Jan Camenisch: Cryptography for People

Jan Camenisch is a Principal Research Staff Member at IBM Research - Zurich. He has received his Ph.D. from ETH Zurich in 1998. Research Assistant Professor in Computer Science at the University of Aarhus, Denmark from 1998-99. Since 1999, Dr. Camenisch has been a Research Staff Member at the IBM Zurich Research Laboratory. He published over 130 refereed papers in this area, was a chair of a few and a member of numerous scientific program committees, and currently holds about 120 patents. Jan is an IEEE and an IACR Fellow and has received several awards for this work on privacy-enhancing technologies including the 2013 IEEE Computer Society Technical Award and the 2010 ACM SIGSAC Outstanding Innovation Award. His interests include cryptographic protocols, in particular those supporting privacy and anonymity, and practical secure distributed computation.

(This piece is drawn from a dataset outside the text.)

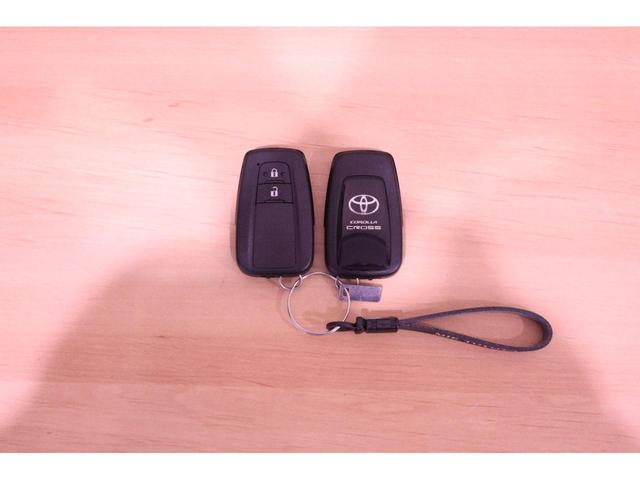 カローラクロス Ｓ　純正ディスプレイオーディオ（ナビ付）ＵＳＢ・Ｂｌｕｅｔｏｏｔｈ接続　衝突被害軽減ブレーキ　ＬＥＤヘッドランプ　ＥＴＣ　バックガイドモニター　スマートキー　クルーズコントロール　クリアランスソナー（28枚目）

Abstract. With the increasing use of digital media for our daily tasks, our privacy is eroding at a fast pace. In this talk we are argue that this is not only a privacy issue but as well a security problem. We show that lots of technologies exist that would protect our data well if only they were used. We give a couple of examples of such technologies and explain them. We finally discuss research and other challenges that still need to be overcome to a realise a more secure and privacy-preserving digital world.

Kristian Beckman Award

Eugene H. Spafford: Reflections on the state of cyber security

Eugene H. Spafford is a professor of Computer Sciences at Purdue University. He is also the founder and Executive Director Emeritus of the Center for Education and Research in Information Assurance and Security. He has been working in computing as a student, researcher, consultant and professor for over 40 years. Some of his work is at the foundation of current security practice, including intrusion detection, firewalls, and whitelisting. His most recent work has been in cyber security policy, forensics, and future threats. Professor Spafford is a Fellow of the AAAS, ACM, IEEE, (ISC)2, a Distinguished Fellow of the ISSA, and a member of the Cyber Security Hall of Fame -- the only person to ever hold all these distinctions. In 2012 he was named as one of Purdue's inaugural Morrill Professors -- the university's highest award for the combination of scholarship, teaching, and service. In 2004, Spaf was named as the recipient of the IEEE Computer Society's Taylor Booth medal, and of the ACM SIGCAS's "Making a Difference" award. In 2005 he was named as a recipient of the IEEE Computer Society's Technical Achievement Award. In 2006, he received the ACM SIGSAC's "Outstanding Contribution" award, and in 2007 he was named as the recipient of the prestigious ACM President's Award. In 2008, he was cited as the recipient of CRA's Distinguished Service Award, and in 2011 was awarded a SANS Lifetime Achievement Award. In 2013 he was named as the recipient of the (ISC)2 Harold F. Tipton Lifetime Achievement Award. Among many other activities he is the immediate past-chair of the Public Policy Council of ACM (USACM), and is editor-in-chief of the journal Computers & Security.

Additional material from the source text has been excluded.